Funeral Arrangements Announced For Family Killed In Stamford Fire
STAMFORD, Conn. (CBSNewYork) -- Madonna Badger will say her final farewell to her three children and parents at a funeral service set for next Thursday.
They were all killed in a tragic Christmas Day fire in Badger's Stamford home, which was being renovated.
A private wake will be held Wednesday afternoon at Frank E. Campbell funeral home on Madison Avenue in Manhattan.
On Thursday, 10-year-old Lily, 7-year-old twins Grace and Sarah and their grandparents Lomer and Pauline Johnson will be eulogized at a funeral service at St. Thomas Episcopal Church at 10:30 a.m. The service will be open to the public.
Following the service, there will be a private committal at Woodlawn Cemetery. Grace, Sarah and Lily will be buried there.
Badger's parents will be cremated and the cremains sent to Louisville, Kentucky.
In lieu of flowers, the family is expected to ask for donations to a memorial fund, which will likely benefit a scholarship in the girls' names.
Meanwhile, Stamford police are stepping up their involvement in the investigation into the deadly blaze. Up until now they had been playing an advisory role to fire investigators.
"Absolutely detectives should be involved, right from the beginning," said Prof. Robert McCrie of John Jay College.
CBS 2 has learned they will now play a more active role with experienced detectives working to get to the bottom of the sequence of events that ended with the deaths of three children and their grandparents.
Investigators have determined that improperly placed fire embers sparked the blaze but many questions in the case still remain unanswered.
The house on Shippan Avenue was being extensively renovated and Badger, who survived the blaze, had been dating the contractor, Michael Borcina, who is accused of starting the fire after moving a bag of fireplace ashes into the rear mudroom.
Borcina told the fire marshal he left the ashes in the mudroom.
"Was it laziness? Carelessness? An accident? Difficult as those issues are, they need to be explored. And those are issues best explored by investigators, detectives, not the fire marshal," McCrie said.
A law enforcement source tells CBS 2 detectives want to ask Borcina what he did that night and why.

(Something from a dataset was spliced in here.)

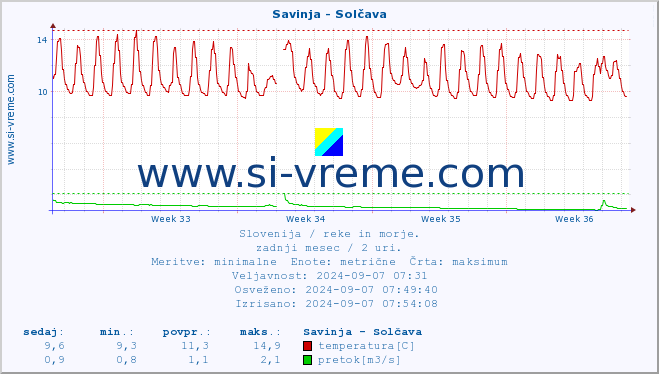 POVPREČJE :: Savinja - Solčava :: temperatura | pretok | višina :: zadnji mesec / 2 uri.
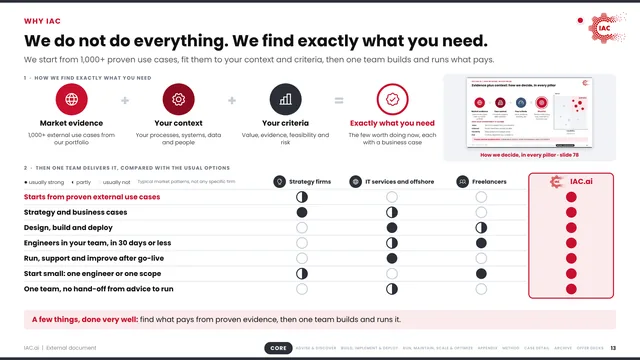 IAC.ai: We do not do everything. We find exactly what you need.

They will also focus on the work he was doing at the house and ask why the smoke detector system was wired but not activated.
Detectives will also look to question Madonna Badger but that difficult task is on hold until after the funeral services next week.
CBS 2 News has learned Badger was released yesterday from a psychiatric care facility in Westchester County.
Her uncle, Al McCarthy, said you can only imagine her grief.
"I talked to her a couple times. She's like any mother, and she was a real good mother to the children," McCarthy said. "I can't even get my head around what she's going through. I mean she lost her whole family, there's nobody left."